What’s most shocking about bitcoin, however, isn’t the amount of millionaires it has created since its inception, but that the experts state that the value is nowhere near the market cap, which could exceed $100,000 within the next decade! With such high predictions – which of course, must be taken with a hefty fistful of salt – it’s difficult to ignore the potential of cryptocurrencies, shunning them as a passing fad. But then, $4,000 is a lot of money to invest, especially when there are no guarantees. For most of us it’s simply too late and too expensive to get in the game.
Investing in Cryptocurrencies Might Still Be Viable
It’s worth noting that bitcoin isn’t the only cryptocurrecy on the market. In fact, there are now over 900 in circulation. While the majority of them will fail before they make any impact on the world, some of them will take off, perhaps reaching the same heights as bitcoin. And those who had the confidence (or ignorance!) to invest early could again find themselves laughing all the way to the bank.
There are a select few cryptocurrencies that are currently attracting interest and don’t cost the earth, including Ethereum, which is gaining quite a lot of buzz and stands at $335 as of August 2017. While it’s not even close to bitcoin in terms of financial value, it’;s reacting to the marketplace in the same manner that bitcoin did in the early days. But will it continue to do so? Only time will tell...

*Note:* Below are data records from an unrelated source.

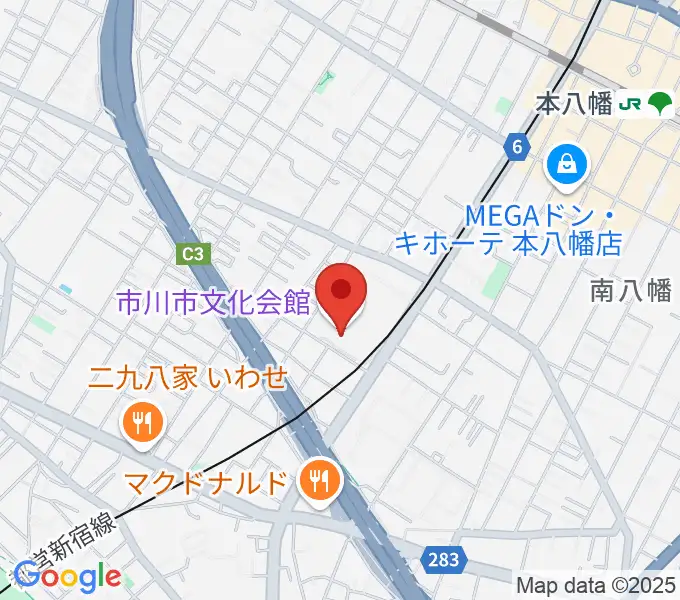市川市文化会館の地図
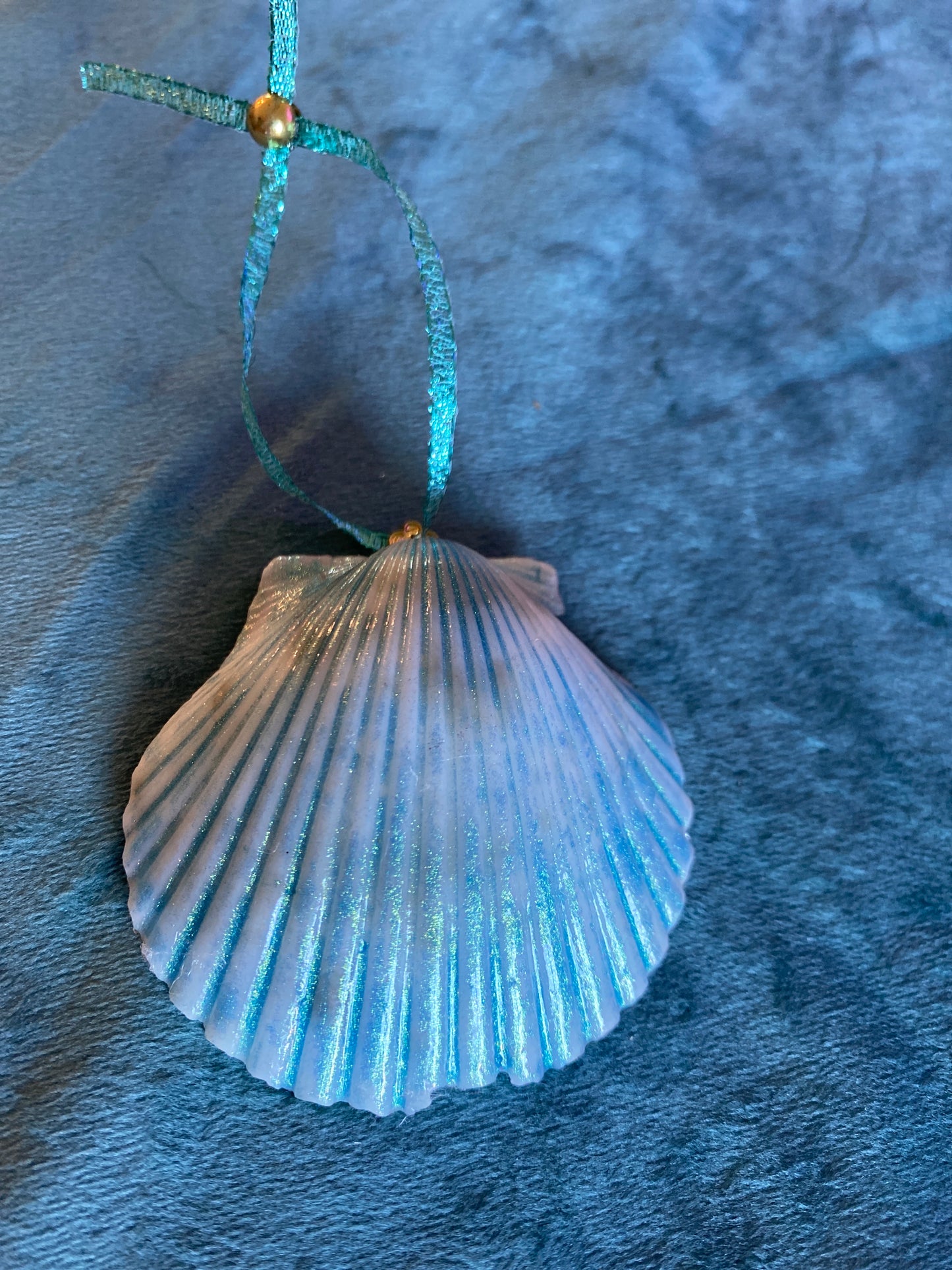 Blue & Gold cross - scallop shell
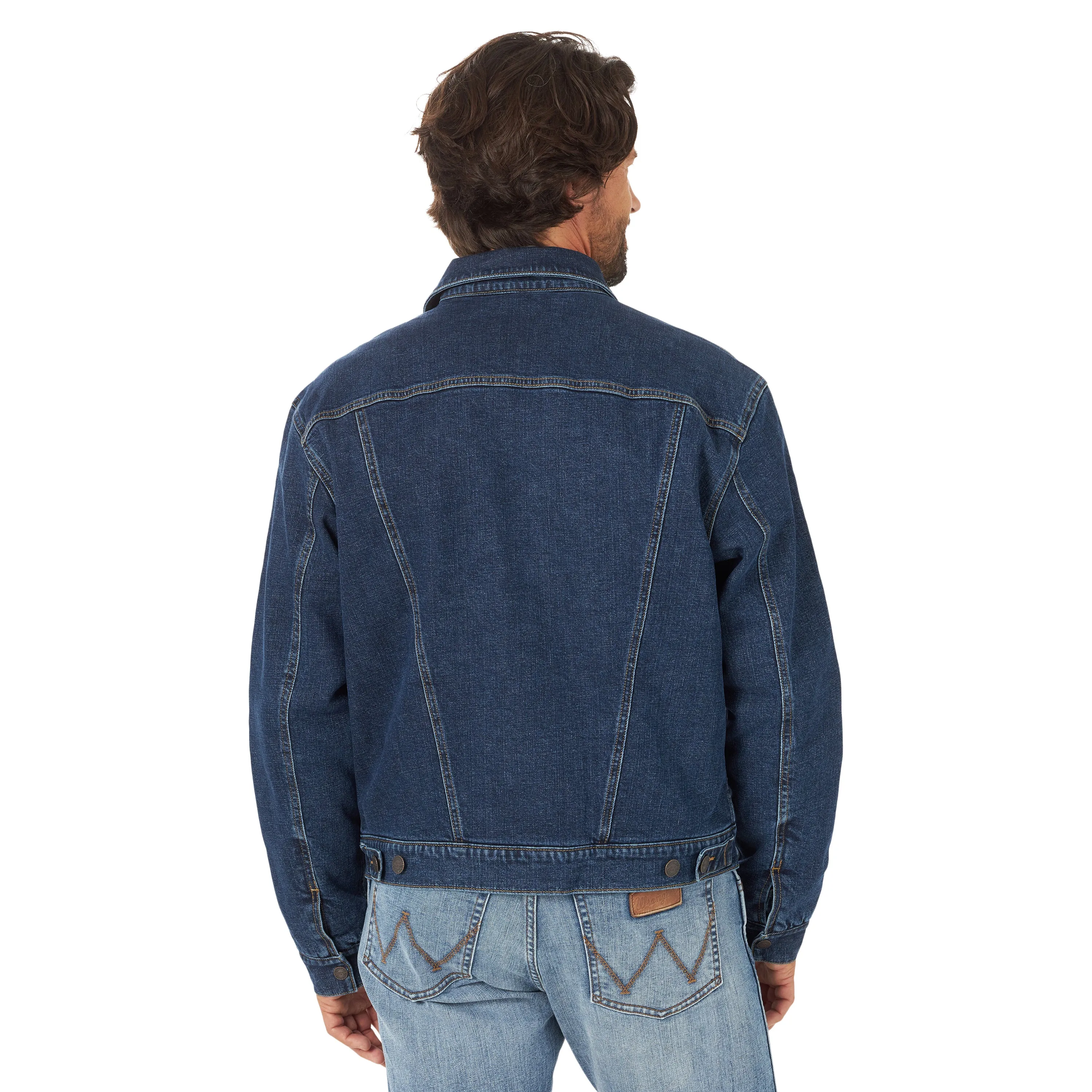 Wrangler Mens Retro Sherpa Lined Western Denim Jacket - Dusty Blue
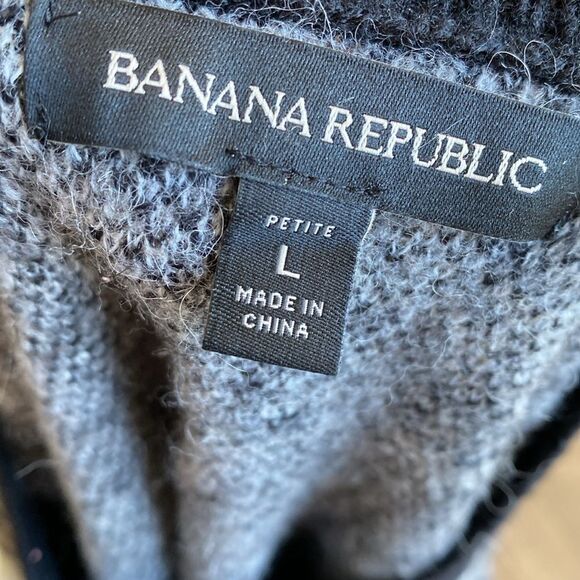 Banana Republic Leopard Print Wool & Alpaca Blend Pullover Fuzzy Sweater Petite - Picture 6 of 8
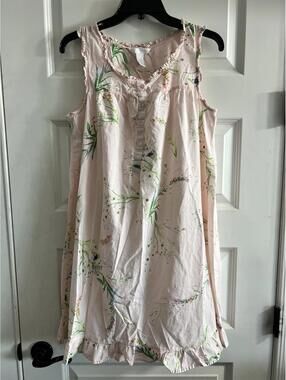 Adonna Floral Cotton Cottagecore Prairie Nightgown Sz Small Pink Green Ruffles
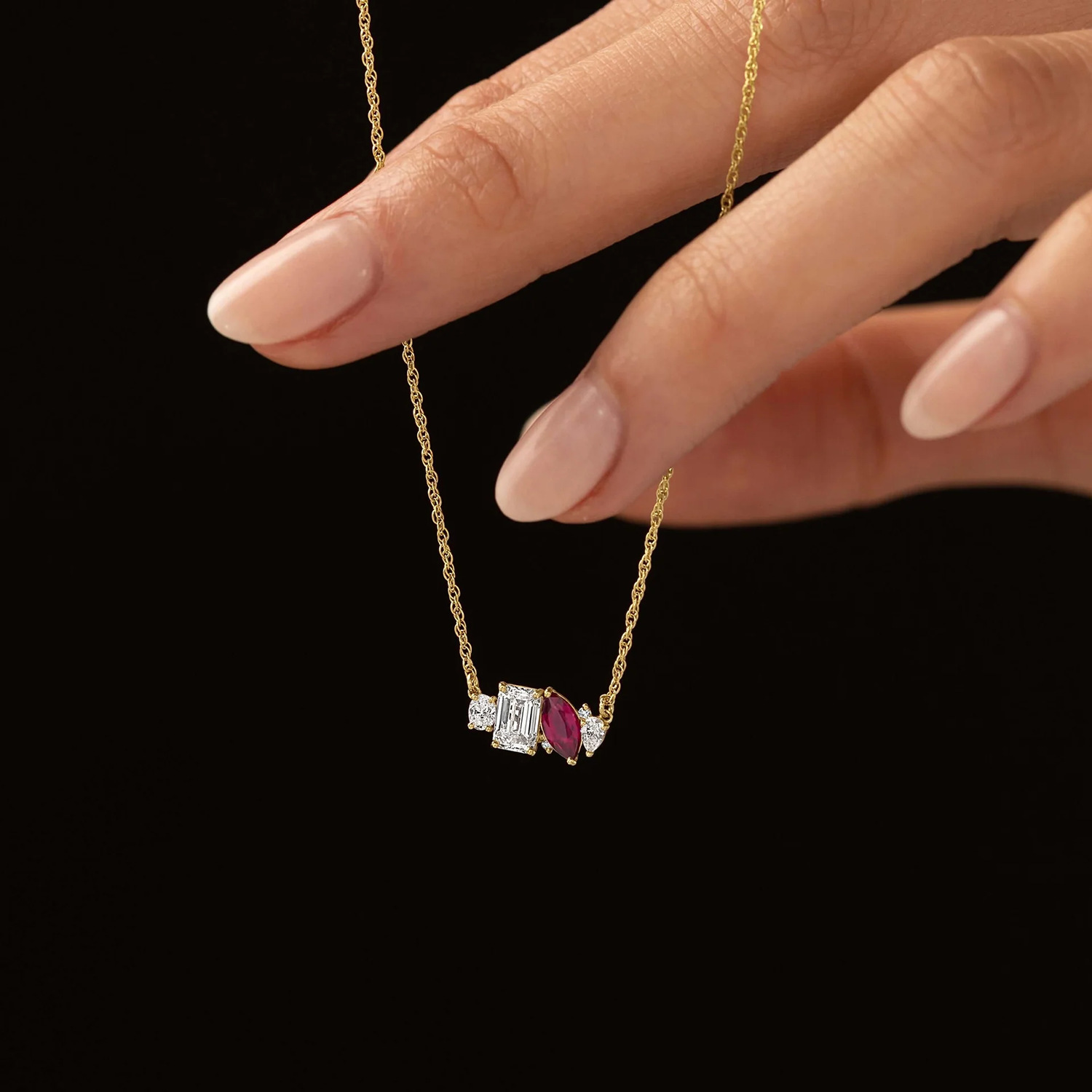 Gold Plated Copper Zirconia Birthstone Pendant Necklace Geometric Twelve Months Dainty Chain Birthday Jewelry Gift for Women Mothers Ladies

Cryptocurrencies Are Only Going to Gain Prominence
According to the Harvard Business Review, “Blockchain technology will have a similar impact on the financial services industry to what the Internet had to media.” If this prediction comes true then the state of worldwide banking will be very different, very soon. Perhaps within the next decade. While this may seem far-fetched, it’s really not that hard to believe.
As more and more people not only invest in cryptocurrencies, but use them to make everyday payments, our preconception of what money is is changing. Additionally, some countries, particularly in the Nordic regions, are increasingly distancing themselves from hard cash already. In fact, in Sweden and Denmark it’s not uncommon to find shops and restaurants that don’t accept cash at all and only take digital payment processors. The Danish government have even made plans to phase out cash altogether within the next decade. While this has little to do with blockchain technology, it’s proof that many of us now regard “physical cash” as a burden.
The Blockchain Rectifies Problems With Traditional Banking
Blockchain technology is decentralized, meaning no single person or entity has control over it, not a government, business or even a third party regulator. This means that there are no processing fees, no prerequisites for opening an account, and instantaneous transfers to anyone, anywhere in the world. Spectre, the disruptive platform that removes financial brokers out of the equation and decentralizes and tokenises the liquidity pool against which traders trade, is an example of the decentralization benefits of the blockchain, and why many traders are choosing cryptocurrencies over more “tradtional” investments, such as stocks and bonds.
At present the main reason why blockchain technology hasn’t been embraced on a greater commercial level is quite simply down to trust and understanding. People don’t know what cryptocurrencies are, how to attain them, where they can be used, and whether or not they can be trusted. But like any new technology all it will take is for a few legitimate, trusted retailers to embrace them and their value will increase. Fundamentally, cryptocurrencies will eventually overtake cash, that’s no longer up for debate; but when it will happen... that’s anyone’s guess.